Doing The Pepsi Challenge between Bush's proposed resolution and the Tonkin Resolution conjures up possibilities that'll have me sleeping with the light on for quite awhile. Or, am I just being unreasonably cynical? Maybe. But, in the final analysis, the Bush Administration's Iraq policy boils down to this: these men are either evil or stupid. There's really not much middle ground. Rallying America for a just cause would seem to invite if not require bipartisanship, and eschewing even the appearance of politics. No component of Bush's mealy, meandering attempts to convince us of the rightness of his cause presents any compelling reason why the whole matter couldn't be tabled until the new congress is seated in January. The merits of his case are not my issue here so much as the timing, the urgency being so seemingly transparent. For all I know, the president has a valid case for this policy, but he squanders it on brazen political opportunism, which makes me question his ethics and, therefore, his judgment.

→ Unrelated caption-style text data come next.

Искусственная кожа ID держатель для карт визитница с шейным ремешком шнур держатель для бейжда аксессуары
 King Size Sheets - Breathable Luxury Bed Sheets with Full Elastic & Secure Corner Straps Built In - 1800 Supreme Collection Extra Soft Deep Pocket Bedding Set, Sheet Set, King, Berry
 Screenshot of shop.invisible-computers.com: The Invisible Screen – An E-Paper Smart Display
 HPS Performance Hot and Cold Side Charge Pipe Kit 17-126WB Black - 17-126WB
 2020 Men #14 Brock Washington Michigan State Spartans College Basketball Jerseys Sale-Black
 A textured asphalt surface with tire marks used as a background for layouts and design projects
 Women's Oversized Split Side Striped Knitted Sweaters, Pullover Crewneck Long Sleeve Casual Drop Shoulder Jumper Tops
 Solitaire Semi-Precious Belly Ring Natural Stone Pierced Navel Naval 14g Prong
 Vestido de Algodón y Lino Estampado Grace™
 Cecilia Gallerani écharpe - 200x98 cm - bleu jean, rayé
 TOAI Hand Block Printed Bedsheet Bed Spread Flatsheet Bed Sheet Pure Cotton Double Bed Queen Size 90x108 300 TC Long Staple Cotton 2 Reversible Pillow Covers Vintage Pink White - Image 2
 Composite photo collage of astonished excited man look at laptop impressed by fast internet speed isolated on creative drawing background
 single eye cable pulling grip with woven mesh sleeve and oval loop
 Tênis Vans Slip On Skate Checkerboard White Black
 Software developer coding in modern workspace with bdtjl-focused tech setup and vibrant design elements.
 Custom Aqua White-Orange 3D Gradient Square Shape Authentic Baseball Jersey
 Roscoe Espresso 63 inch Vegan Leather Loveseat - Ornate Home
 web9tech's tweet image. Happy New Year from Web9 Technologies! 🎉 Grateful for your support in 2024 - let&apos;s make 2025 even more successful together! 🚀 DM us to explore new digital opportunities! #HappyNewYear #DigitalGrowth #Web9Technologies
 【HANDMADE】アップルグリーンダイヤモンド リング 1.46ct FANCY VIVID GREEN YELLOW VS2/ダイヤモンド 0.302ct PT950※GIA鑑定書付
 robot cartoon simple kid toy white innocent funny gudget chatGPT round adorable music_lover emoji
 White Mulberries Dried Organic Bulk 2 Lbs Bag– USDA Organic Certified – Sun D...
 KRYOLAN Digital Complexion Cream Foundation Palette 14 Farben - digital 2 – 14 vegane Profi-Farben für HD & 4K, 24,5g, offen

I think it interesting to note Osama bin Laden's disappearance from the White House daily theme. The president has successfully turned our attention away from Osama, the other mission we've spent billions of dollars and killed thousands of people without a successful or satisfying conclusion to those matters, and focused us on his next multi-billion dollar expenditure and epic loss of life that will not only end inconclusively but will likely plunge this country into deep recession if not depression, de-stabilize the Middle East, and initiate a wave of terrorism against this country unprecedented in this nation's history. The president's reasons for pursing his course seem to change daily. There is a Reason Of The Day, like a child desperate for a new bike, pressing his cause with ever new and largely unsubstantiated and unverifiable claims. Watching the poll numbers, Bush recently linked Saddam with Osama, an extremely unlikely paring, as my friend G. Edward Jones, Jr. pointed out on my weblog:
Other Reasons of The Day imply alliances with Iran (laughably unlikely), arming and supporting the Palestinians (more likely, but nobody believes we're going to war to bring peace in Israel), and, most unworkable, the notion that Saddam might someday attack us. Currently, the Bush drum beat is about nukes. The president danced around Saddam Nukes for months, then kind of intimated Saddam Nukes, but now, ever more intent on panicking the American public, he is all but saying Saddam has nukes (but no enriched uranium to blow them up). The president's southern drawl, regrettably, has him clearly and painstakingly enunciating (with, as Dana Carvey pointed out on a recent Letterman appearance, a smug look of satisfaction when he pronounces the big words correctly). The word nuclear is often pronounced by this president as "nuculer," which, for me, really doesn't help me take him seriously. The administration is throwing everything at the wall to see what sticks, and nukes tend to stick. The notion of a terrorist setting one off in Times Square scares the bejezus out of all of us, as it should. But, making the American people believe attacking Saddam will somehow prevent that is, for me, as heinous as the potential terrorist act itself. There are any number of states out there with the bomb, including our allies, like Israel and India, and hostile states like North Korea. I think it inevitable that terrorists will someday have nuclear capability and the capacity to deliver it to our door. Should we work like hell to prevent that? You bet. But creating the myth that all roads lead to Baghdad, and that regime change will guarantee our safety, is a pretty cruel lie to foist on the American people. We are an open society. We are not safe. 9|11 has demonstrated to all the nut jobs in the world just how vulnerable we truly are, and that they've been, mostly, wasting their time going after our embassies and military installations when our mainland remains incredibly vulnerable.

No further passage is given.